The digital era has brought about changes to all forms of business communication, including voicemail. Historically, voicemail messages were stored on analog tapes, but, in the past decade, companies have increasingly utilized digital technology for their voicemail systems. Now, many companies have implemented or are considering "unified" systems - systems in which a company's telephone and computer systems are integrated such that voicemail messages are received through a user's e-mail messaging system. Such systems can improve efficiencies, but they can also present challanges associated with control, preservation, and retrieval of voicemail messages.
There are five basic types of digital voicemail, ranging from the most basic to a completely unified system that even includes message transcription. In the most basic digital voicemail arrangement, users are notified of a voice message by the red light on the telephone, and the message is digitally stored on a voice message server. The next level involves the addition of an e-mail alert notifying the user of a voice message. As with the traditional arrangement, voice messages are stored on a voice message server. A third option involves the addition of a link to messages on the voice message server. The message can be reviewed and played by accessing the link. Again, these messages are stored on the voice message server; however, they can be copied to an e-mail system as a .wav file that could be forwarded as an e-mail attachment or saved on a user's hard drive. The fourth arrangement is a fully unified system which not only allows e-mail notification but also includes delivery of an audio file containing the message. Most users can play the message with a media player simply by double-clicking the file. This arrangement is different from previous arrangements in that the message is stored on the e-mail server. As with the link system, users can forward the e-mail with a copy of the audio file to others, and can save it to their hard drives. The final arrangement takes it one step further and includes not only an audio file in the e-mail message but also a transcription of the message. These messages are also stored on the e-mail server.

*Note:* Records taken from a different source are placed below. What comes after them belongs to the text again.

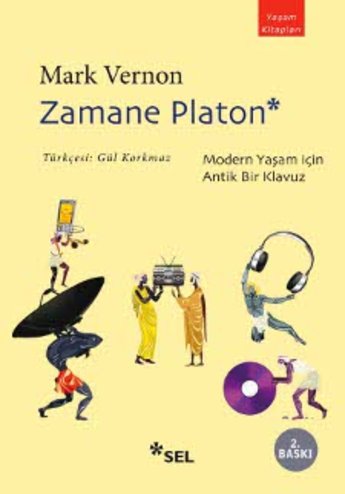 Zamane Platon "Modern Yaam in Antik Bir Klavuz"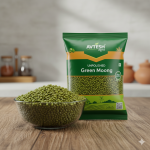 Green Moong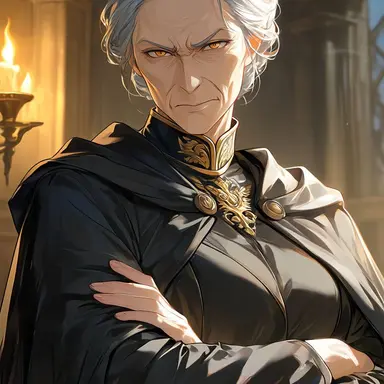 Profile image of Valdris
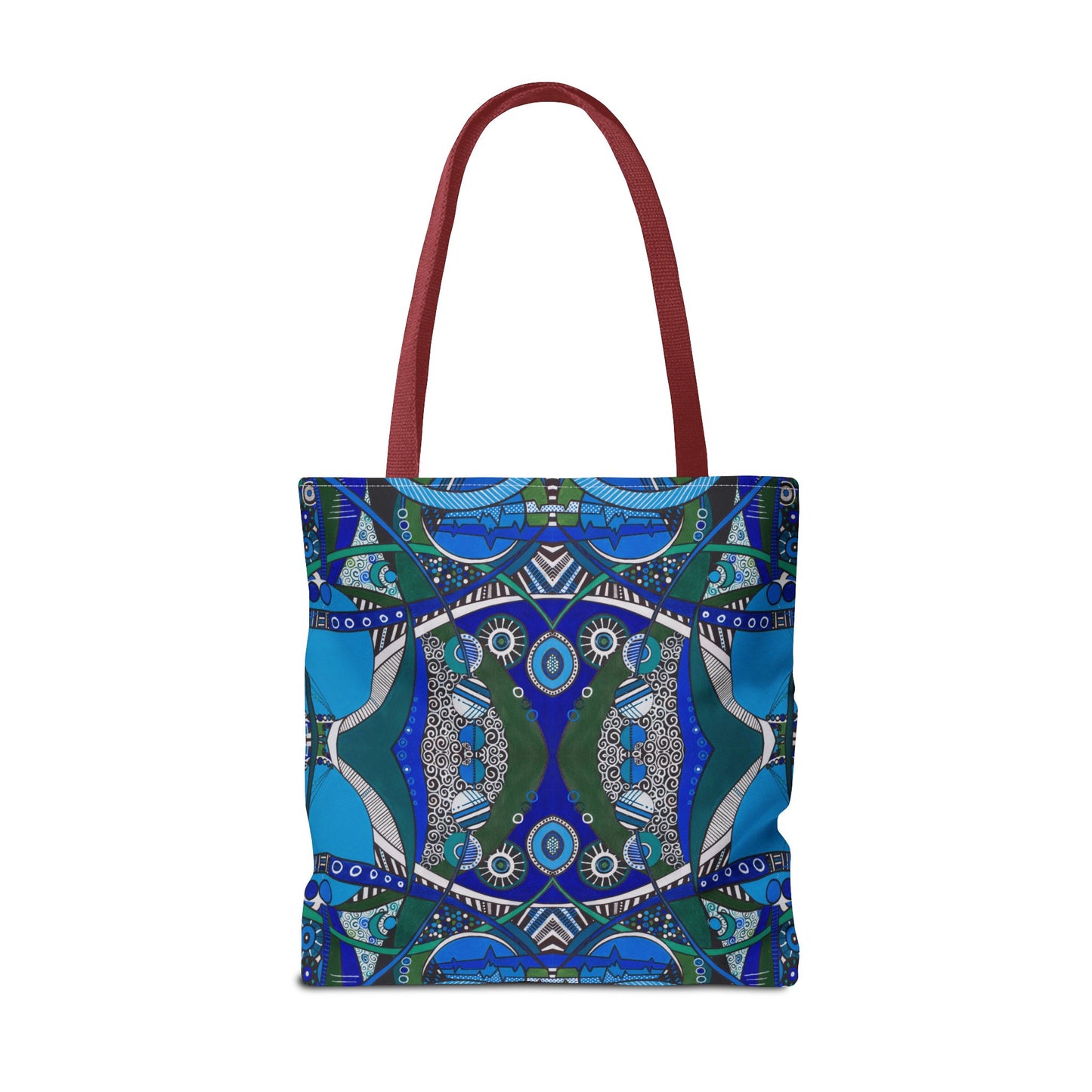 Tote Bag - No. 219 A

When evaluating which system is right for your company, it is important to consider both data security and e-discovery issues. It is more difficult to access and retrieve information from traditional, non-unified voicemail systems, which helps to limit data security risks - such as users forwarding voicemail messages outside of the company and storing and accessing work voicemail messages on personal devices. In addition, traditional, non-unified voicemail systems make voicemail messages less accessible for purposes of discovery. If you choose a unified system wherein messages are stored on the company's e-mail server, the voicemail is more accessible and will increase the volume of discoverable data preserved on and collected from e-mail servers. The costs of handling the data also increases because voicemail messages are not text searchable and are therefore more expensive to filter. Choosing a system which converts voicemail messages to text will not substantially reduce the costs because these systems are not fully reliable as a discovery tool. In addition, once messages are stored on the company's e-mail server they become subject to the retention policies applied to e-mails, which may be more stringent than the retention policies used for voice message servers. One final wrinkle to consider is the possibility that your e-mail or voicemail servers may be hosted by a third party, which raises additional issues regarding cost, control, and accessibility. In sum, any decision regarding voice messaging systems must include an analysis of data security risks and the increase in accessibility and costs of preserving and searching voicemail data.